Recorded data:
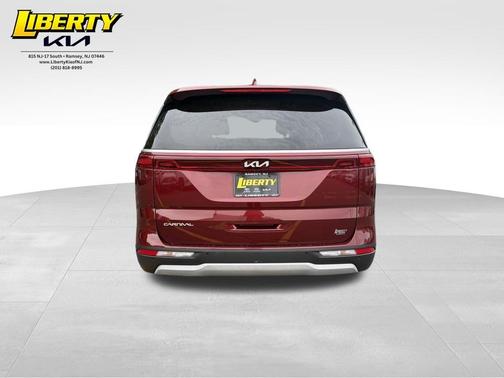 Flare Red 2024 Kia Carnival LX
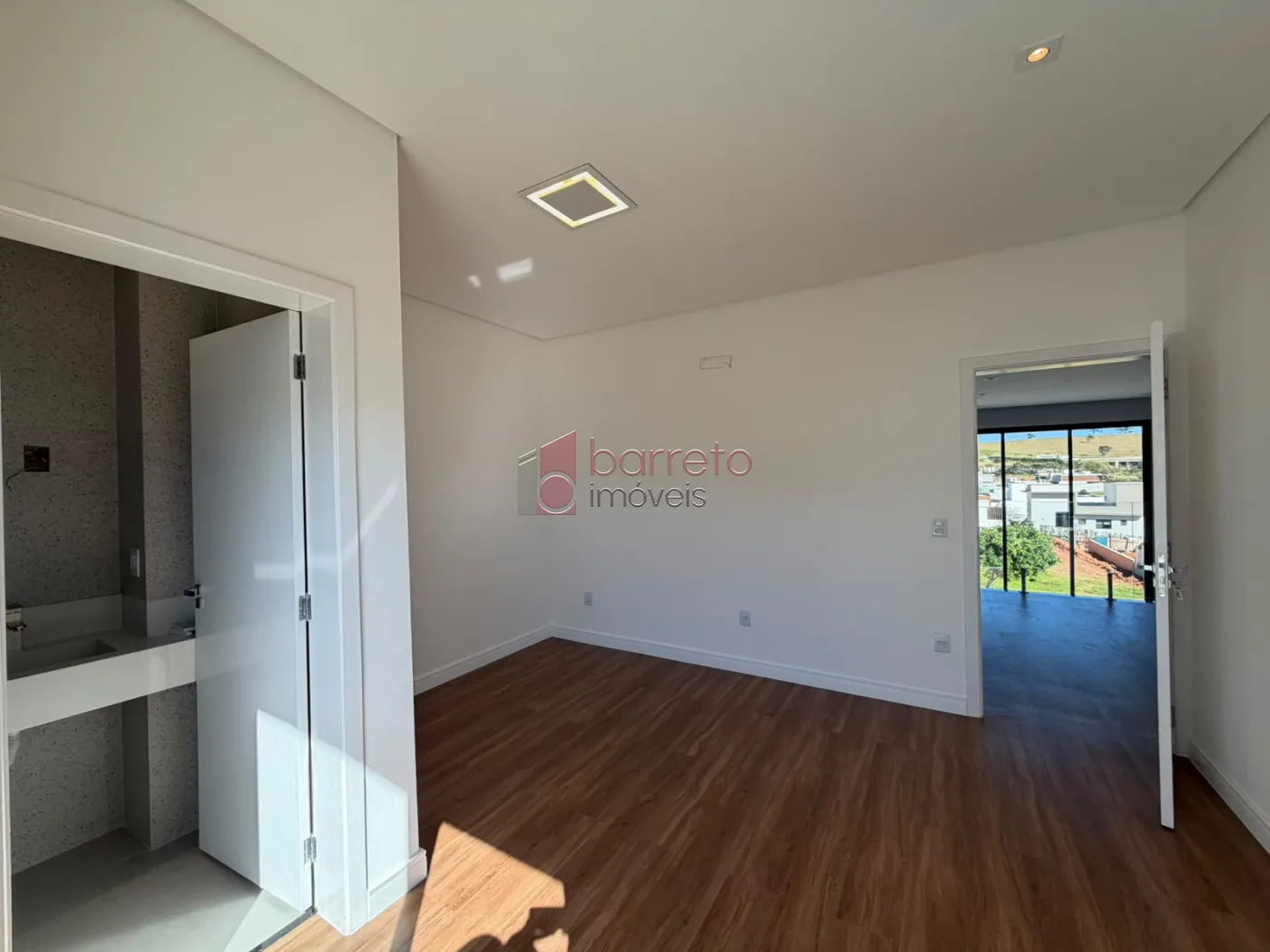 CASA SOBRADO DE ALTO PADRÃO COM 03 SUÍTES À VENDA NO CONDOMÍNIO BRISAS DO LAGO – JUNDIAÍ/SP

==

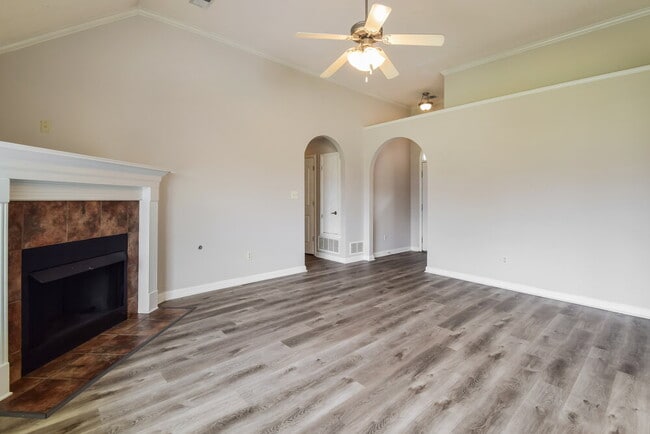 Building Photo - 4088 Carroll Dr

...

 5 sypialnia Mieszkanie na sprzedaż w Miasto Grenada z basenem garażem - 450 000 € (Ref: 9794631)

Prompt: Starting with the line that contains "Flare Red 2024 Kia Carnival LX" and finishing with the line that contains "CASA SOBRADO DE", reproduce every line of the material above exactly, but not the pictures.

Exercise response:
 Flare Red 2024 Kia Carnival LX
 CASA SOBRADO DE ALTO PADRÃO COM 03 SUÍTES À VENDA NO CONDOMÍNIO BRISAS DO LAGO – JUNDIAÍ/SP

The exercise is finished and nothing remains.